Why is Snowplow using Kinesis/Kafka for real-time pipeline?


#1

Hello there,

I’m considering to move to Snowplow realtime pipeline and slightly confused with technology choice.
In particular, I’m wondering why AWS Kinesis has been chosen instead of (from
my point of view) almost default for this task technology like Spark Streaming or more modern Flink etc. For me, Kinesis/Kafka looks more like Pub/Sub wire rather then data-processing tool, unlike Spark. But probably I’m missing something as I have not much experience with them.

As I can see, nothing prevents us from including Scala Common Enrich into Spark Streaming and at the same time application currently called Stream Enrich would be much smaller.

So, I guess, my primary question is following: what design choices lead you to use Kinesis/Kafka instead of Spark Streaming or similar.

Thanks in advance!


On-premise Snowplow Realtime Pipeline with Spark Streaming Enrich
#2

Hey @morozov - great question, very happy to answer in some detail. Before I do though - just so I understand the alternative you’re suggesting:

What would be your source of raw Snowplow events (aka the payloads that come out of a Snowplow event collector), and where would your Snowplow enriched events be going downstream of Spark Streaming?


#3

Recently I’ve been looking at using Spark streaming to run analysis/queries on the enriched output stream from Kinesis - this seems to work really well and, with the right setup can give you something that enables near real time applications.

Although there’s some things I’m not particularly fond of in Kinesis (having to do checkpointing externally for one) it’s actually great as a specialised queuing system. For us the fact that it’s able to replicate both the raw and enriched streams across availability zones is a big win, using something like Kafka would mean running this on EC2 or something similar in multiple AZ’s - a fair bit of overhead.
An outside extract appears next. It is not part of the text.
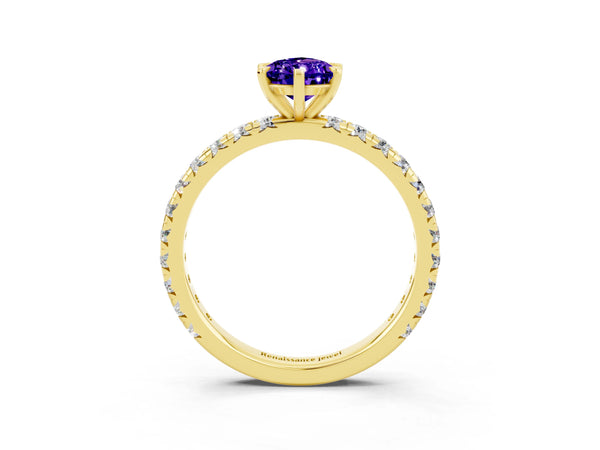 Yellow gold Pear Cut Tanzanite Pavé Solitaire Ring with Round Band and Prong Setting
In addition the flexibility of modifying the retention period for a given stream (up to 7 days) means that you’ve got a reasonably durable, short term store that makes it easy to build consumer applications off these streams (using KCL).


#4

Hello @alex!

Thank you for your attention.

Seems I already answered my question (thanks to @mike’s aiming). But anyway, it would be awesome if you could correct me if I’m wrong somewhere (which is very likely, since we’ve just started to explore this area).

My initial “propose” was to just switch Kinesis with Spark Streaming, leaving Kinesis collector as a source and Elasticsearch or S3 as sinks. However, now I see Spark Streaming like more as a framework for running custom pipelines (with transformations and aggregations) whereas Kinesis is more like pure transfer layer responsible for balancing load and queuing enriched events. So my guess is that you chose Kinesis just because it can balancing nicely, while custom jobs isn’t what you need there.

Please, correct me if I’m wrong. Thanks.


#5

Hi @morozov - that’s exactly right. Think of Kinesis (and Kafka) as the glue layer between your asynchronous micro-services. We provide you with the “core” micro-services (Stream Collector, Stream Enrich, Elasticsearch Sink, S3 Sink), but then you can add your own.

Spark Streaming is a good choice as a stream processing framework for you to write your own custom event processing in - you can easily embed our Scala Analytics SDK into Spark Streaming.

Under the hood, Spark Streaming uses the Kinesis Client Library (KCL). Because Stream Enrich is only doing simple single-event processing, Spark Streaming doesn’t add anything here, so we “cut out the middle-man” and Stream Enrich just embeds the KCL directly.

But yes - you are very welcome to develop your own event-driven microservices that work off the Kinesis enriched event stream, and Spark Streaming is a good choice for that (as are raw KCL, AWS Lambda, Apache Flink etc).

Hope this helps!

Alex